HQ–DC Network Automation (Two‑Tier HQ + Three‑Tier DC)

This repository is an Ansible-based network automation solution for the topology in the diagram:

HQ Office – two-tier (Core/Distribution + Access)
Data Center – three-tier (Core + Distribution + Access)
IPsec VPN Site-to-Site between HQ and DC firewalls

The design is:

Idempotent – uses Ansible network modules, not raw CLI where possible.
Data‑driven – all device-specific data is in host_vars/ and group_vars/.
Production-style – base / L2 / L3 / security separated into roles.

⚠️ You must lab‑test and adapt IPs, passwords, and policy to your real environment before touching production.

Topology

The credit of this topology goes to Randy Pratma Putra (https://www.linkedin.com/in/randy-pratama-putra/)

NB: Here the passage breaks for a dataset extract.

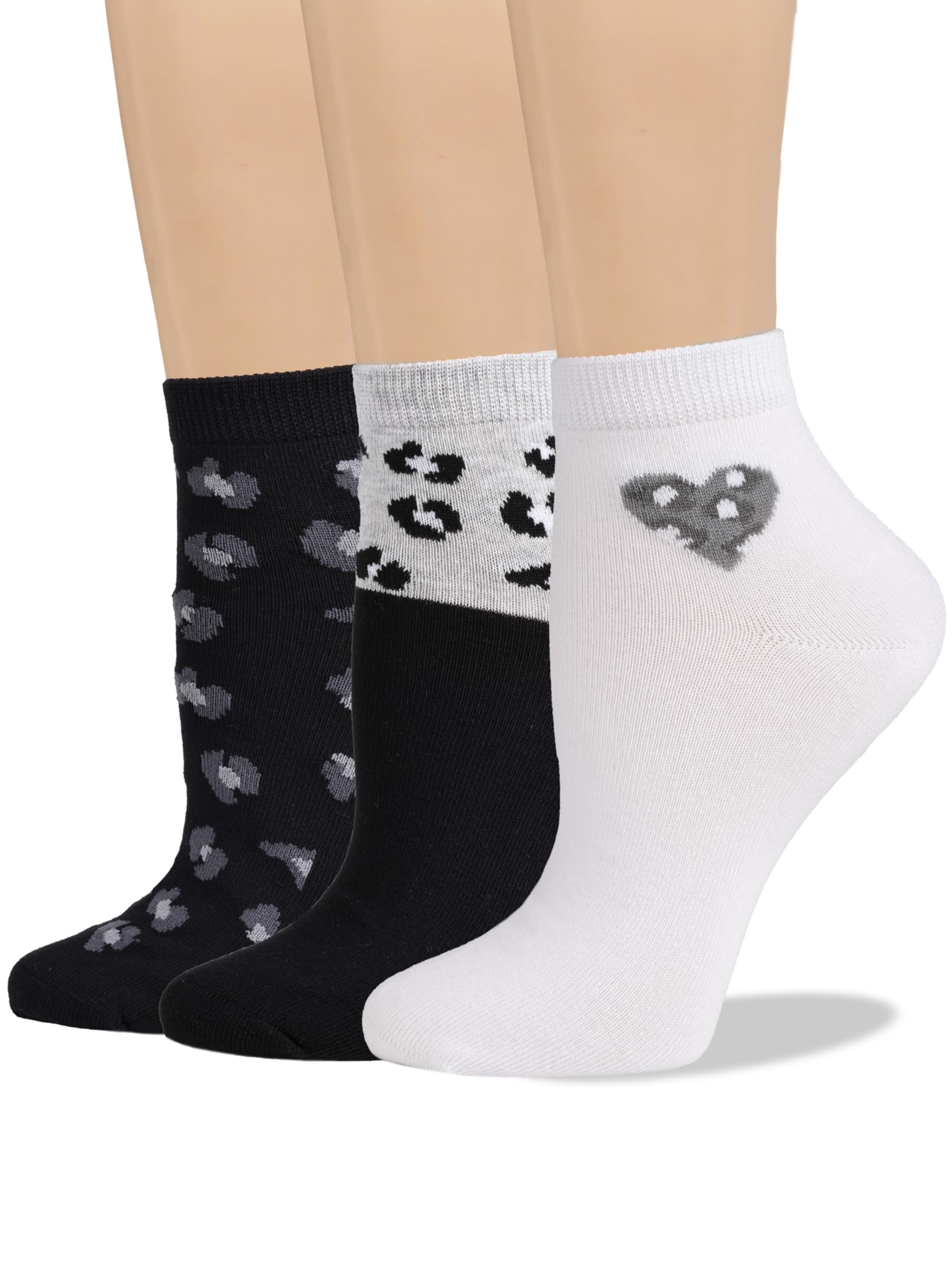 COTTON DAY Women's Soft Combed Cotton Socks Seamless Toe Black White Navy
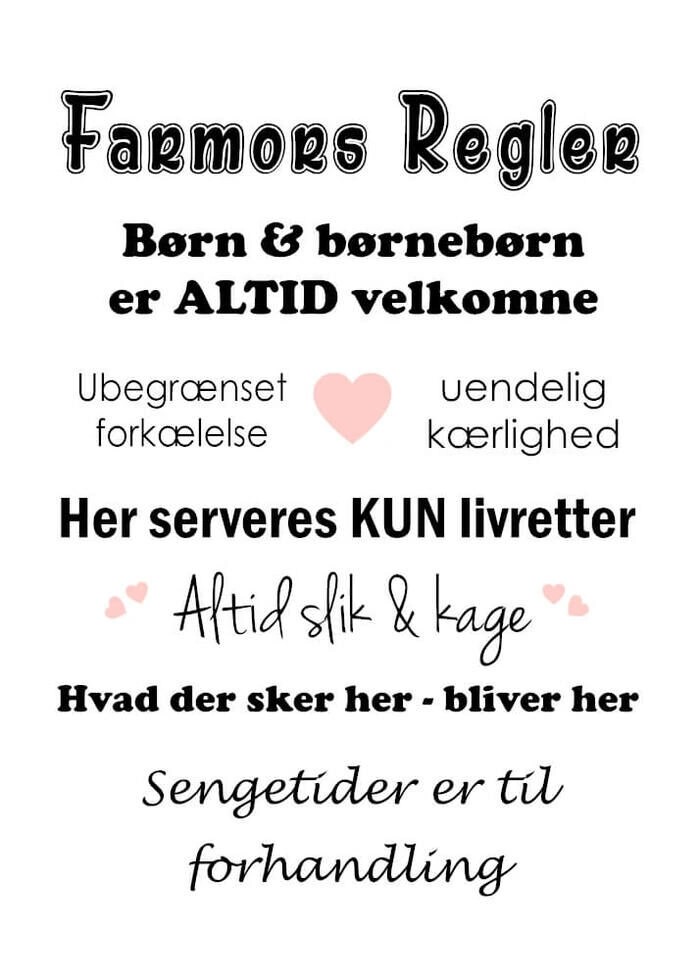 Plakat med Farmors regler og hjerte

Watch the Video on YouTube

Two-Tier HQ & Three-Tier Data Center Automation using Ansible - Session 1 - Network Topology Design

Two-Tier HQ & Three-Tier Data Center Automation using Ansible - Session 2 - Ansible Inventory Design

Two-Tier HQ & Three-Tier DataCenter Automation using Ansible - Session 3 - Ansible Playbooks & Roles

Two-Tier HQ & Three-Tier Data Center Automation using Ansible - Session 4 - Running the Automation

1. Requirements

Python 3.10+
Ansible 2.16+
Cisco IOS / IOS-XE on switches and routers
Cisco ASA/FTD for firewalls (VPN role is a skeleton to be adapted)

Install collections:

ansible-galaxy collection install -r requirements.yml

2. Inventory Overview

Groups (from inventory/hosts.yml):

hq_core – Core-01, Core-02
hq_access – Switch-01…Switch-04
dc_core – Core-SW01, Core-SW02
dc_dist – Dist-SW01, Dist-SW02
dc_access – Access-SW01…Access-SW04
firewalls – Firewall-HQ, Firewall-DC

Each host has its own host_vars/<hostname>.yml file describing:

VLANs & SVIs
L3 links (/29 interconnects as per the diagram)
Access ports (for PCs/Servers)
Trunks (for uplinks)
IGP (OSPF) and default route

3. Roles

base – hostname, domain, NTP, syslog, SNMP, timezone
layer2 – VLANs, access interfaces, trunk interfaces
layer3 – SVIs, routed interfaces, OSPF, static default route
vpn_firewall – hostname + inside/outside interface config, with a clear TODO for IPsec policy

Roles are intentionally small and composable so they can be easily extended (QoS, port‑channels, security, etc.).

4. Playbooks

playbooks/hq.yml – Applies base, layer2, layer3 to HQ core; base, layer2 to HQ access.
playbooks/dc.yml – Applies roles to DC core, distribution, access.
playbooks/firewalls.yml – Applies firewall base + IP interface config.
playbooks/site.yml – Orchestrator that imports all of the above.

Example usage:

# Dry run with diffs
ansible-playbook playbooks/site.yml -C --diff

# Actual deployment
ansible-playbook playbooks/site.yml

5. Security & Policy

This repo does not hardcode sensitive credentials:

Username is set in inventory/hosts.yml.
Password is taken from the environment variable NET_PASSWORD.

Example:

export NET_PASSWORD='YourStrongPassword!'
ansible-playbook playbooks/site.yml

SNMP communities, NTP, syslog, and domain name are in group_vars/all.yml.
Adapt these to your org standards (SNMPv3, TACACS/RADIUS, etc.) before production.

6. Testing Hooks

Under tests/ you’ll find placeholders for:

pyATS – for VLAN, OSPF, and routing validation.
Batfish – for pre‑change routing policy analysis.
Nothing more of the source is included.